Bad Santa 2 isn’t great, but it’s not as dreadful as all that. Bad Santa was something of a surprise in how well it subverted the idea of Christmas, how funny it was, yet how it also managed to still be a genuine Christmas movie with some heart. This sequel, which they should have really made just a few years after the original when it was first being talked about instead of 13 years later, is mostly a mechanical rehash. It’s been criticised by obviously sensitive critics for its total lack of political correctness, the film going far further than the original in how dark or crude it will go for a laugh, and not giving a damn who it offends, though that’s not what bothered me so much. The real problem with the extremely low humour in this film is that, after a while, it becomes rather repetitive, forced, and therefore not so funny. How many insults against ‘little people’ do we really need to have? Shoot me dead but I don’t mind some. However, the script, which wasn’t written by anybody connected with the original, just doesn’t know when enough is enough and things just get tiresome. I was in the mood for some vulgar laughs and I did find myself laughing at times in the first half an hour, but after that I chuckled less and less as the film was just giving us variations on the same ‘jokes’ over and over again. As with certain other recent efforts like Spy, too much of the ‘comedy’ revolves around endless tiresome usage of the F word and cruel insults, and the hugely naïve, possibly mentally challenged Thurman isn’t anywhere near as amusing as the screenwriter thinks he is, the film almost stopping dead whenever he turns up, except for when the character supplies one moment which is surprisingly touching near the end.
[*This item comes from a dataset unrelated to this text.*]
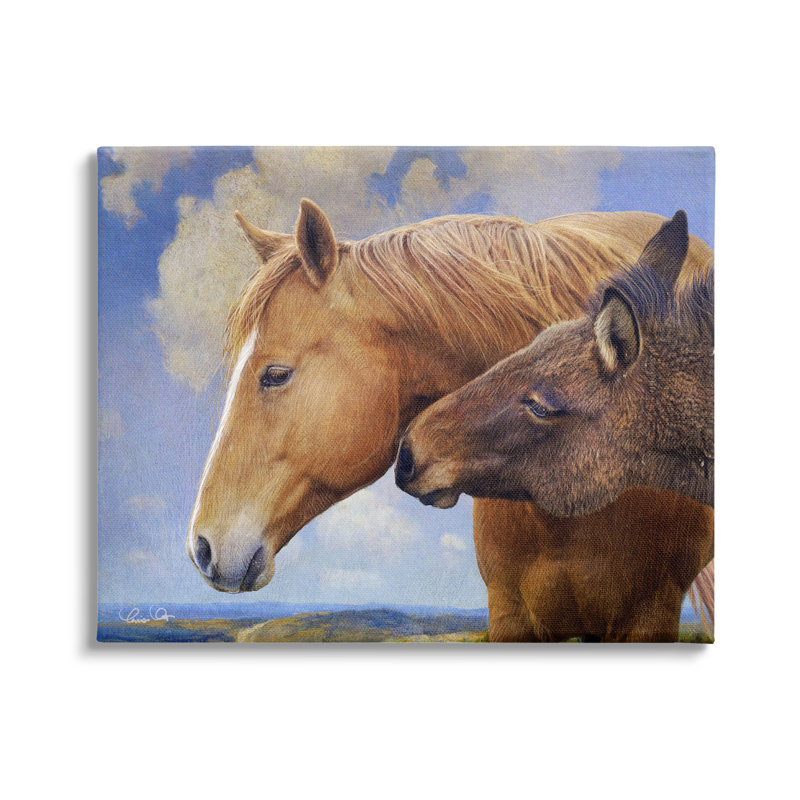 Farmhouse Horses Cuddle Nature Landscape Canvas Print, 20" x 16"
There’s a distinct lack of one of the things that made the first movie work so well – Willie’s interactions with ‘normal’ folk and how shocking he was to them. In this one, he fails to make as much of an impact because most of the other characters are as over the top as him, and they’re usually overacted too so they don’t convince. A good example is Willie’s ‘love interest’. Lauren Graham’s character in the first movie, despite her quirky aspects, felt like an actual human being and her relationship with Willie was a little bit believable and you wanted them to be together. Here, Christina Hendrick’s character is just cardboard and irritating and it’s impossible to buy her and Willie getting involved. It’s not all bad though. Some jokes are indeed very funny if you don’t mind this kind of thing even if some of the best moments just riff on ones from the original, there’s still terrific chemistry between Billy Bob Thornton and Tony Cox, Thornton himself is as wonderfully sleazy, cynical and self-loathing as before [the character’s just great and probably belongs in a better film], and director Mark Waters gives us a surprising number of nice visual compositions for a film like this. In the end though, Bad Santa 2, while it may be better than you may have heard, is basically yet another comedy sequel that mostly feels like it was just made for the money with little effort, and if the filmmakers don’t seem to care very much, then why should we?